▸ YOUR ASSIGNMENT: Pictures aside, please retype the whole listing word for word.

+===+

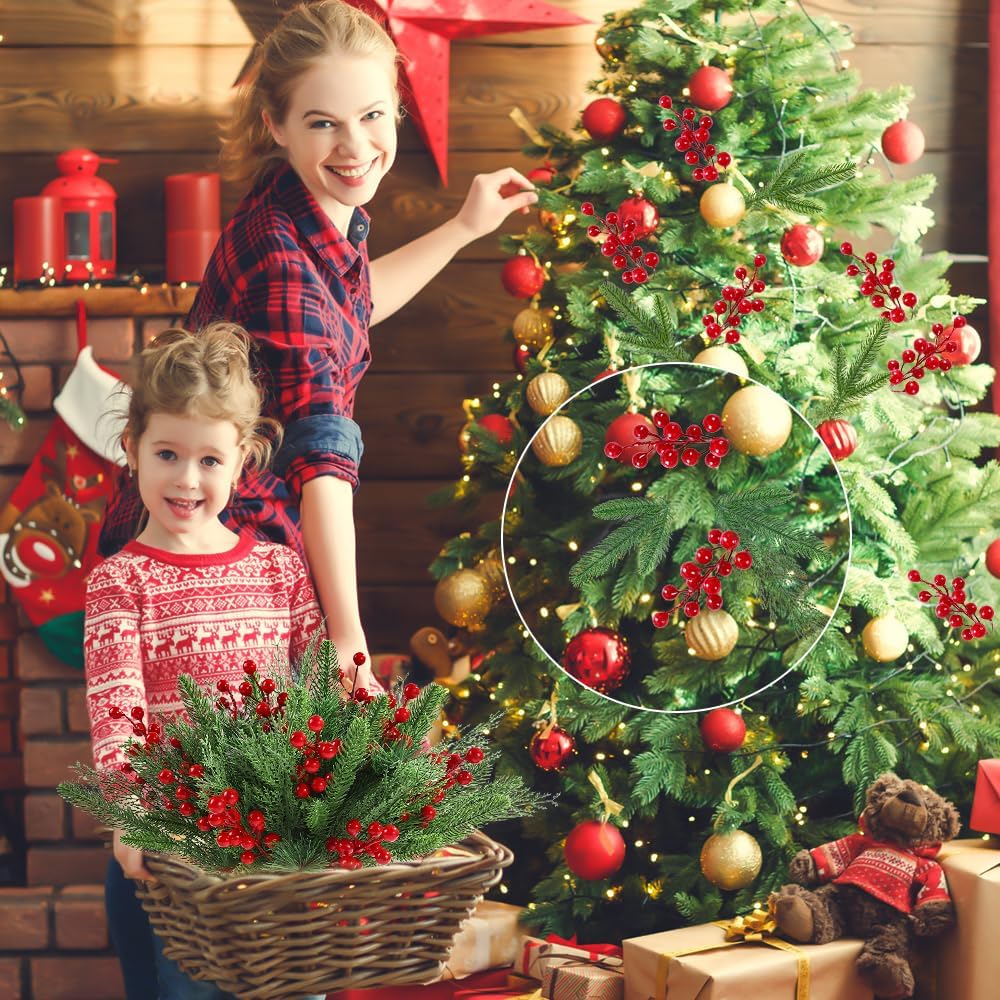 60 PCS Artificial Pine Branches Christmas Faux Pine Greenery Stems Red Holly Berries Fake Cedar Pine Needles Picks for Christmas Tree Wreath Garland DIY Crafts Holiday Home Decoration
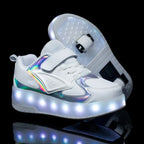 MEELANO LED Rulleskøjte-Sneakers til Børn – Lysende Sko med Hjul & Velcrolukning, 4 Farver, Str. 28–39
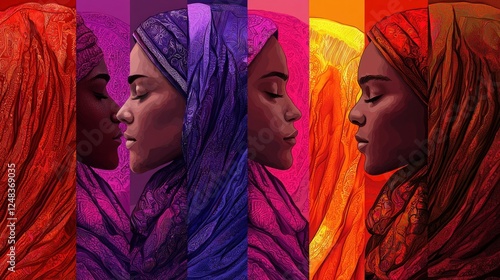 Colorful portraits of women in hijab, diverse colours, serene expressions. Stock photo photo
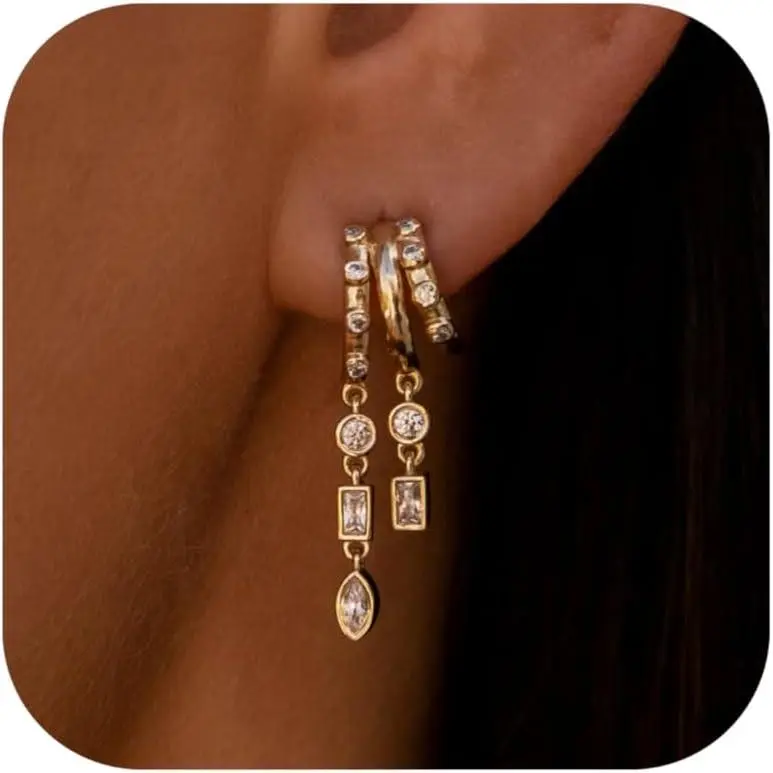 Dangle Earrings For Women, Dainty Gold Drop Statement Earrings 14K Gold Plated Long Huggie Earrings for Women Trendy Hypoallergenic Dangly Earrings Small Triple Hoops Earrings Fashion Jewelry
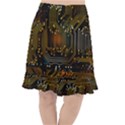 Circuits Circuit Board Orange Technology Fishtail Chiffon Skirt View1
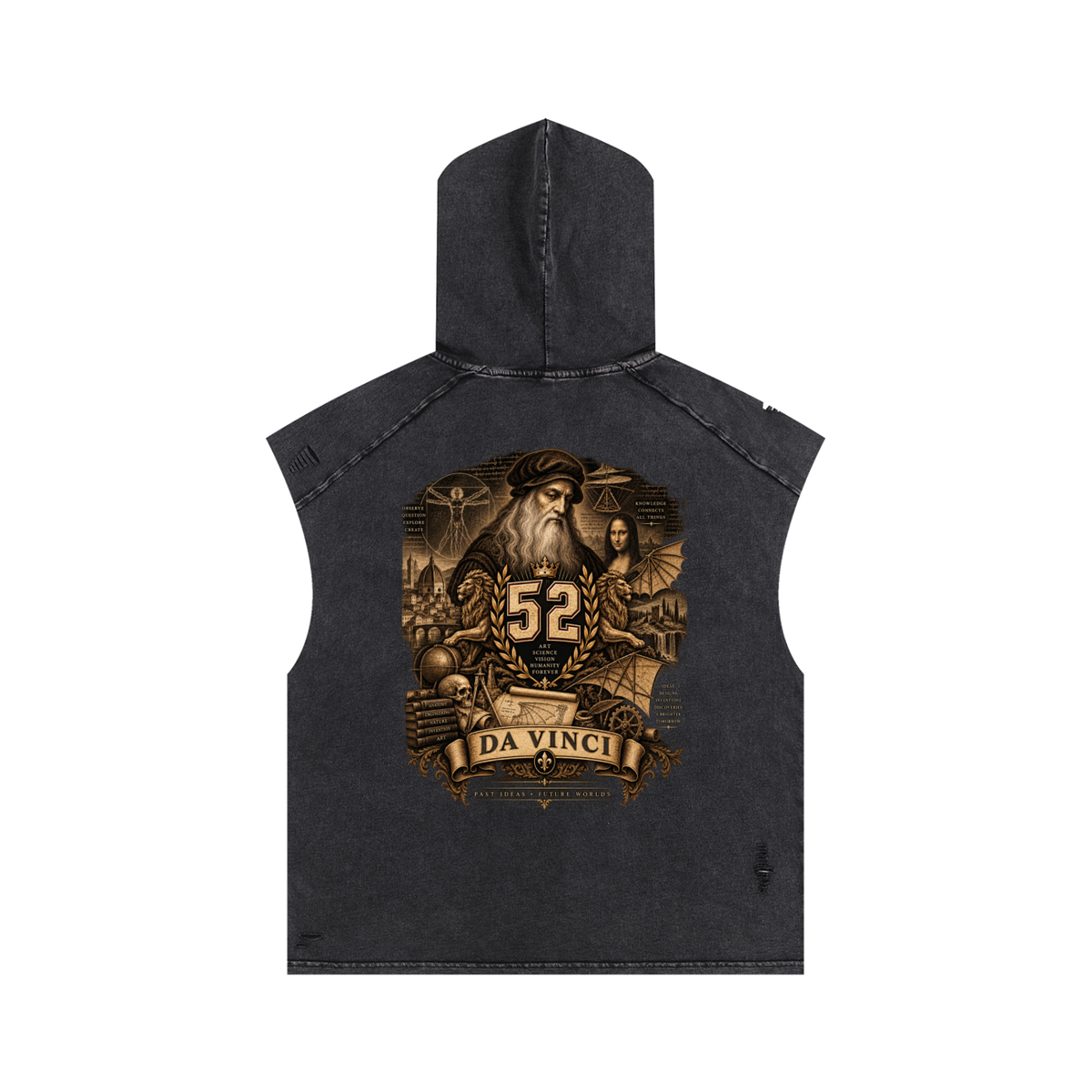 Leonardo Da Vinci Allstars - Snow Washed Boxy Hooded Tank Top — charcoal, back artwork view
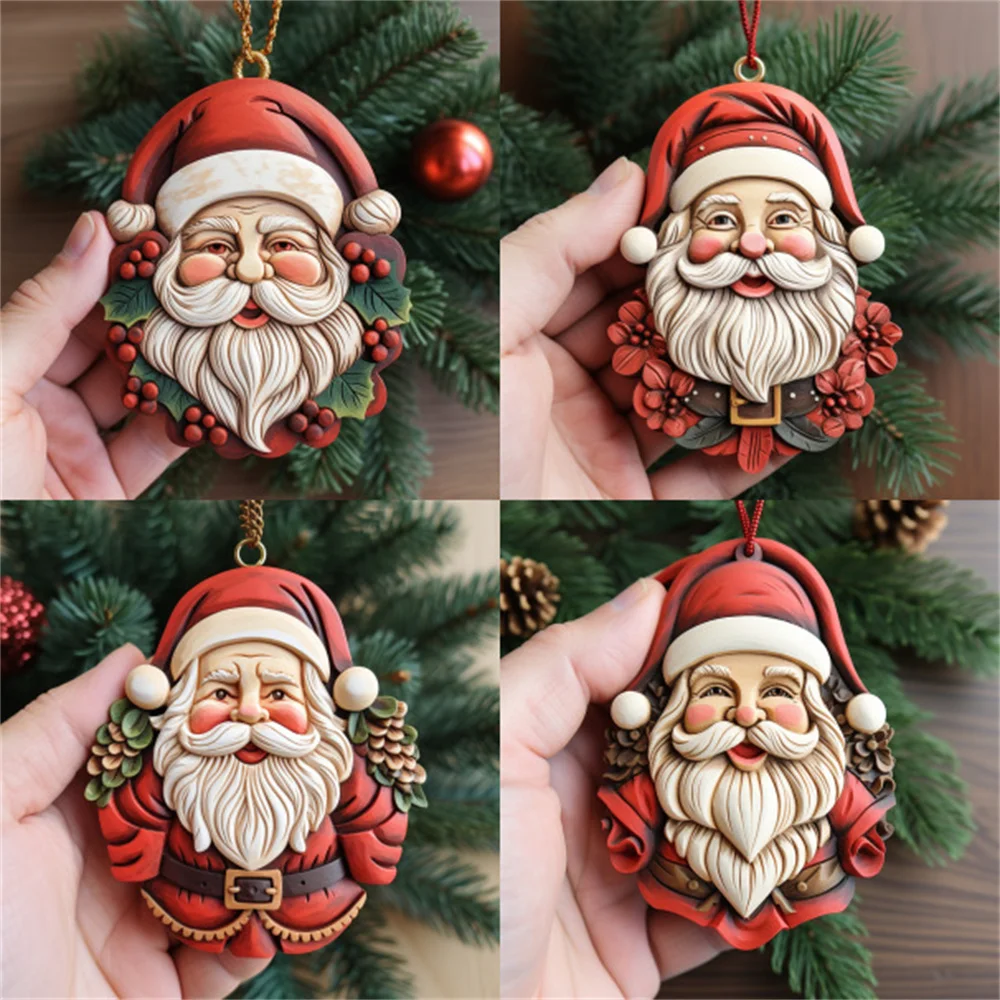 

Vintage Colorful Santa Claus Wooden Pendant Christmas Tree Decoration Hanging Decoration White Bearded Old Man Bookmark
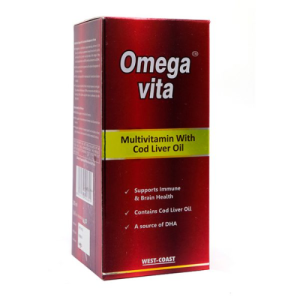 Omega Vita Cod Liver Oil Supplement – DHA-Rich Formula for Brain & Immune Health (200ml)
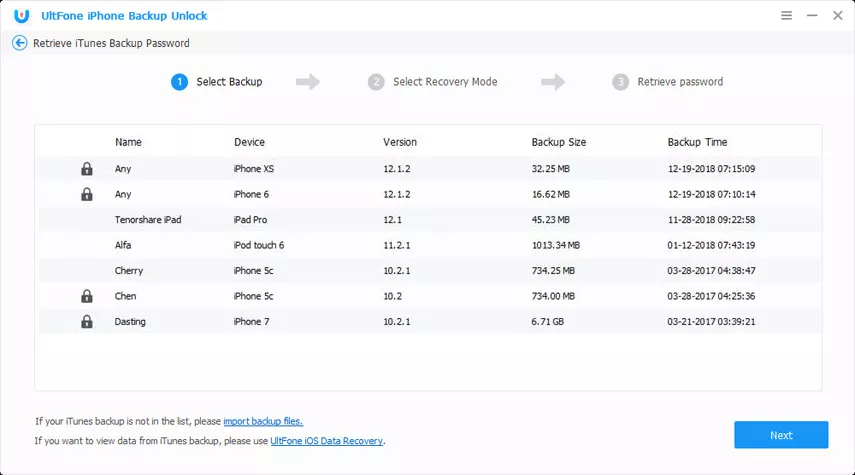 暗号化されたiPhoneバックアップファイルを選択します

+===+

▸ RESPONSE AREA:
 60 PCS Artificial Pine Branches Christmas Faux Pine Greenery Stems Red Holly Berries Fake Cedar Pine Needles Picks for Christmas Tree Wreath Garland DIY Crafts Holiday Home Decoration
 MEELANO LED Rulleskøjte-Sneakers til Børn – Lysende Sko med Hjul & Velcrolukning, 4 Farver, Str. 28–39
 Colorful portraits of women in hijab, diverse colours, serene expressions. Stock photo photo
 Dangle Earrings For Women, Dainty Gold Drop Statement Earrings 14K Gold Plated Long Huggie Earrings for Women Trendy Hypoallergenic Dangly Earrings Small Triple Hoops Earrings Fashion Jewelry
 Circuits Circuit Board Orange Technology Fishtail Chiffon Skirt View1
 Leonardo Da Vinci Allstars - Snow Washed Boxy Hooded Tank Top — charcoal, back artwork view

Vintage Colorful Santa Claus Wooden Pendant Christmas Tree Decoration Hanging Decoration White Bearded Old Man Bookmark
 Omega Vita Cod Liver Oil Supplement – DHA-Rich Formula for Brain & Immune Health (200ml)
 暗号化されたiPhoneバックアップファイルを選択します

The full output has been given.